Cependant, plusieurs autres mesures et annonces nous amènent à prévoir le pire pour l’avenir. Des investissements tels que 50 millions $ pour la construction de chemins «multiusages» en forêt publique ou encore 30millions $ sur deux ans pour développer l’extension du réseau de distribution de gaz fossile, incluant le gaz liquéfié, confirment que le « Plan vert» de la CAQ n’est que de la poudre aux yeux. De plus, les «mesures d’optimisation » annoncées par le gouvernement ne vont clairement pas dans une perspective de renforcement du filet social. Pensons simplement à l’annonce de couper 5000 postes dans les ministères et organismes, ou encore la réduction du financement de 3 millions $ du Secrétariat à la condition féminine.

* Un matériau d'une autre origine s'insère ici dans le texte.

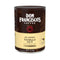 Don Francisco's Premium Vanilla Nut Ground Flavored Coffee: Rich, Aromatic 100% Arabica
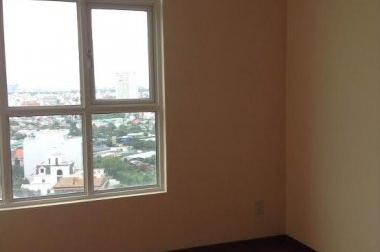 Bán căn hộ B19- 02 Hoàng Anh Thanh Bình Quận 7 82 m2 view Quận 1, giá 2 tỷ 260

Malgré tout, on doit avouer que les ministres caquistes sont rusé·e·s. En effet, ils et elles reportent toutes les décisions difficiles après 2022, c’est-à-dire après les élections. Les débats de fond sur la façon d’atteindre l’équilibre budgétaire, le type de relance économique souhaitée ou les mesures permettant de s’assurer d’un filet social efficace sont donc reportés. La CAQ aime mieux nier certains débats importants et cherche avant tout sa réélection.